YOUR TASK: Copy the lines below as they are; omit the images they contain.

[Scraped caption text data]
--- START ---

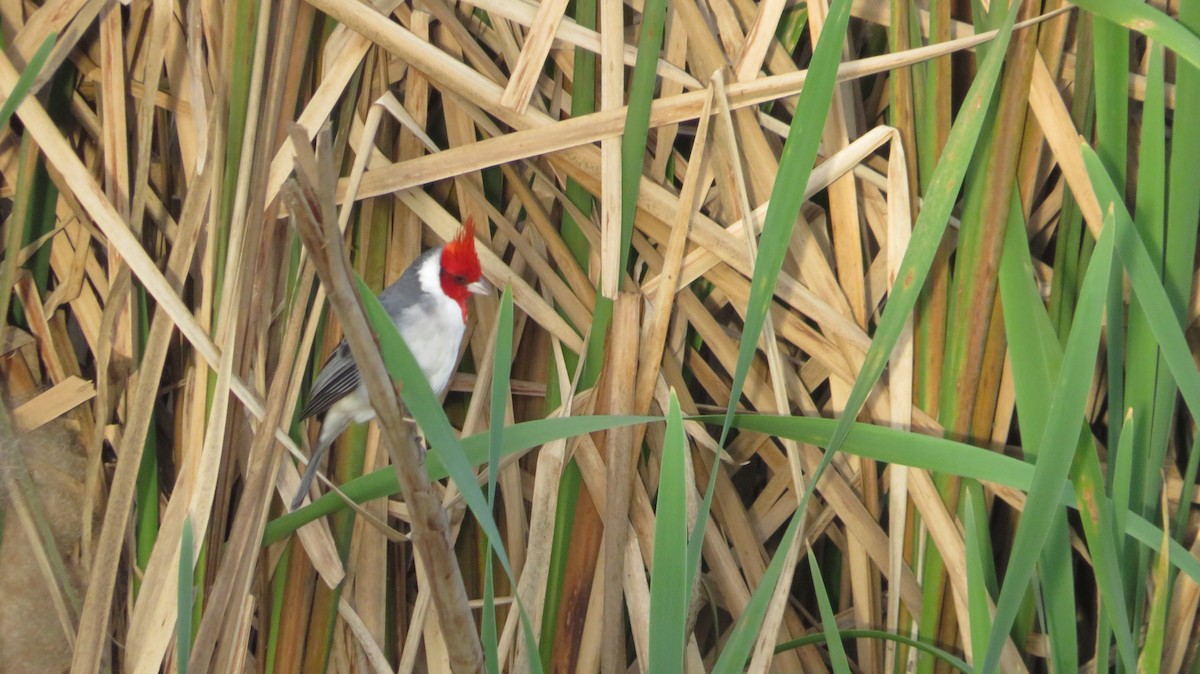 Red-crested Cardinal - ML588301501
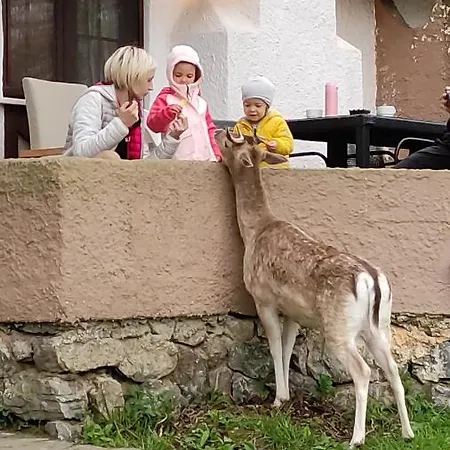 Polonezkoey Country Club & In The Wildlife Park! 3*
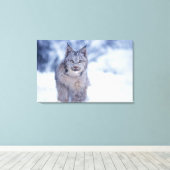 Lynx in de sneeuw in de uitlopers canvas afdruk (Insitu (Houten vloer))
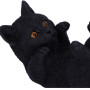 Gattino Familiar Helper - Nemesis Now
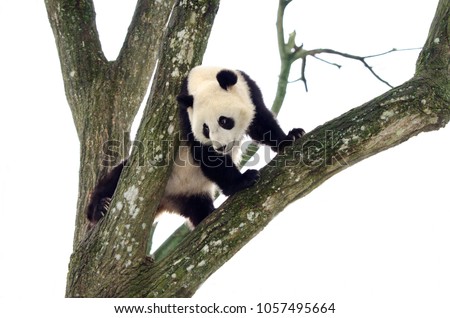 Giant Panda Climbing a Tree, Szechuan, China. White Sky Background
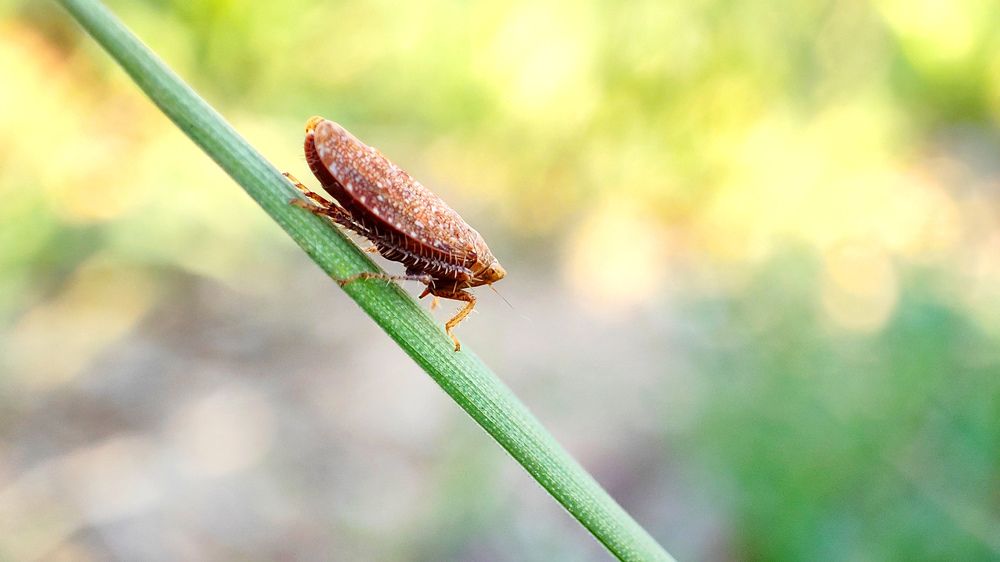 Photograph by mahdi nouri deldar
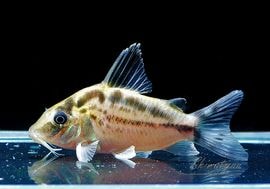 ʪC󥰥ΡʥȥӥɡΣ.01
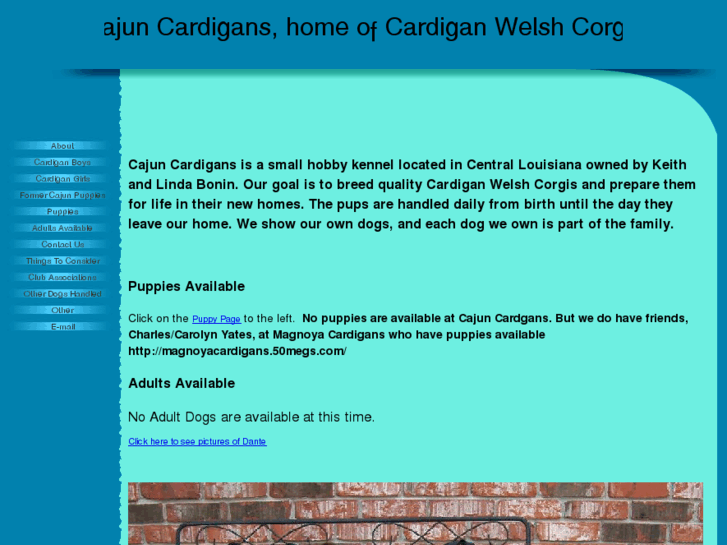 www.cardigancorgipups.com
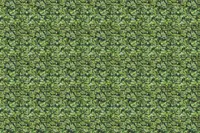 Adornis Artificial Grass / Artificial Plants store in Mumbai VG1009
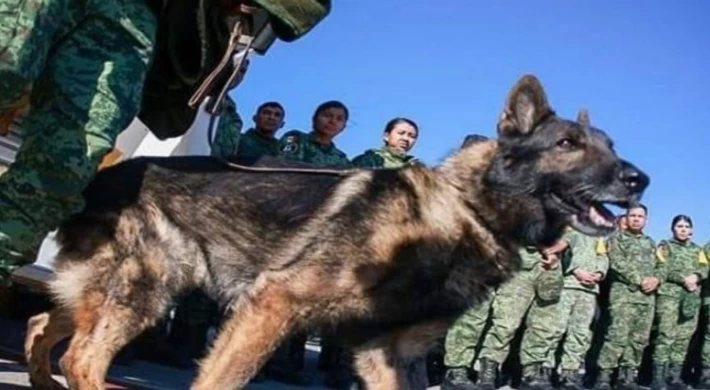 Meksika Ordusu’nun kahraman köpeği ’Proteo’ Türkiye görevinde öldü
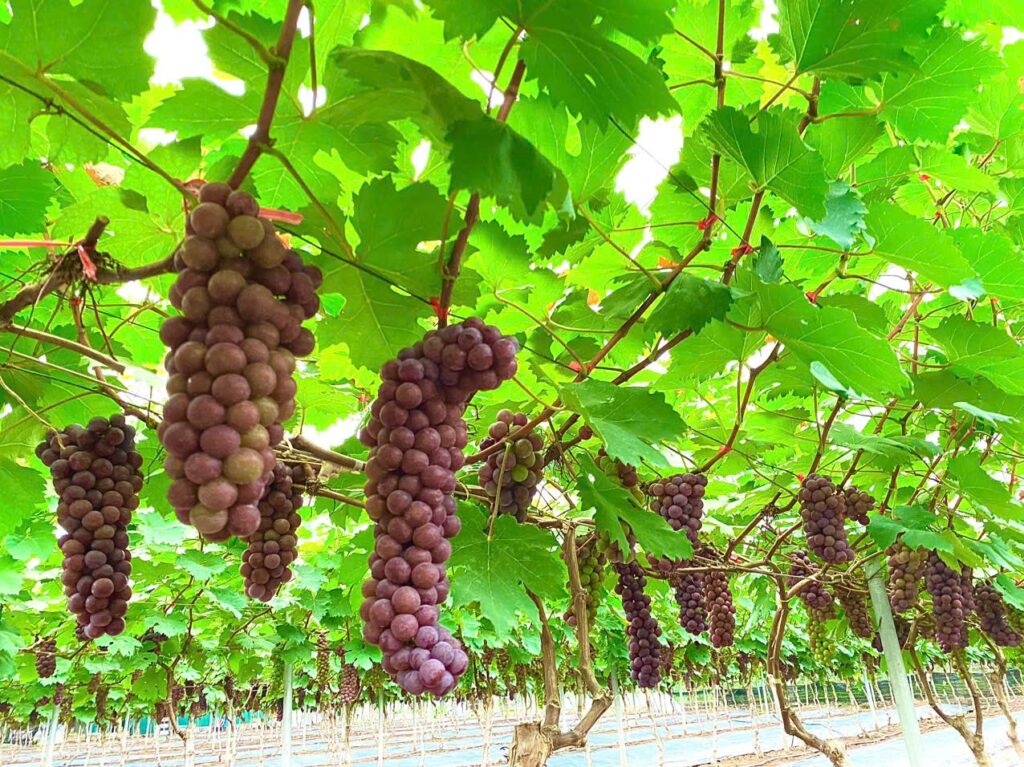 Nông nghiệp xanh hút khách: Trải nghiệm hái nho giữa lòng Thủ đô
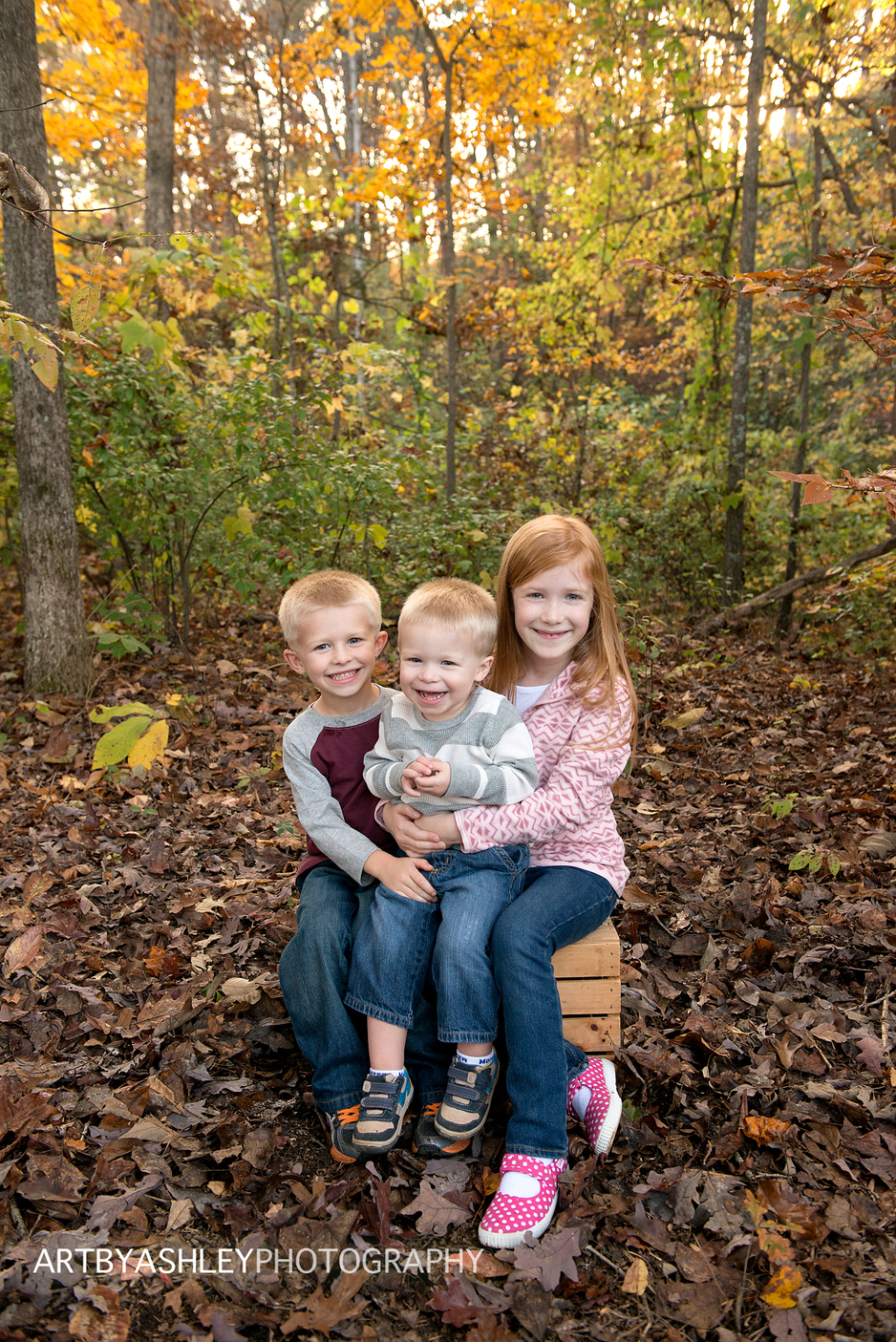 Greensboro Family Photographer(012)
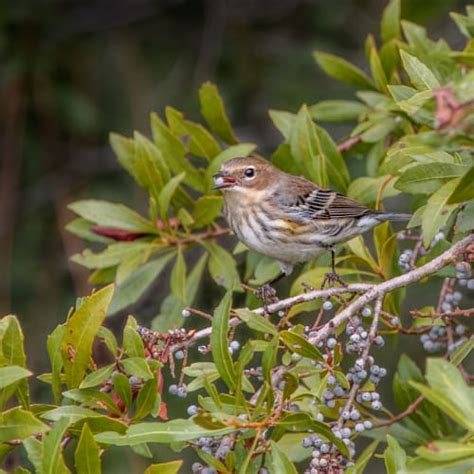 11 Best Native Shrubs for Texas Gardens 2023 [Updated] - Pond Informer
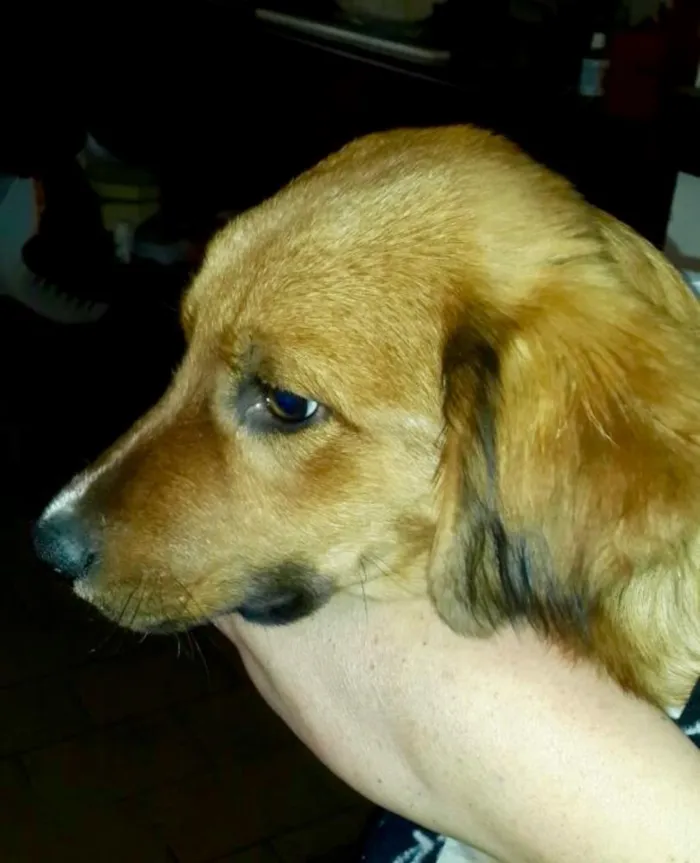 Cachorro ra a SRD idade 2 a 6 meses nome Bilu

--- END ---

THE ANSWER:
 Red-crested Cardinal - ML588301501
 Polonezkoey Country Club & In The Wildlife Park! 3*
 Lynx in de sneeuw in de uitlopers canvas afdruk (Insitu (Houten vloer))
 Gattino Familiar Helper - Nemesis Now
 Giant Panda Climbing a Tree, Szechuan, China. White Sky Background
 Photograph by mahdi nouri deldar
 ʪC󥰥ΡʥȥӥɡΣ.01
 www.cardigancorgipups.com
 Adornis Artificial Grass / Artificial Plants store in Mumbai VG1009
 Meksika Ordusu’nun kahraman köpeği ’Proteo’ Türkiye görevinde öldü
 Nông nghiệp xanh hút khách: Trải nghiệm hái nho giữa lòng Thủ đô
 Greensboro Family Photographer(012)
 11 Best Native Shrubs for Texas Gardens 2023 [Updated] - Pond Informer
 Cachorro ra a SRD idade 2 a 6 meses nome Bilu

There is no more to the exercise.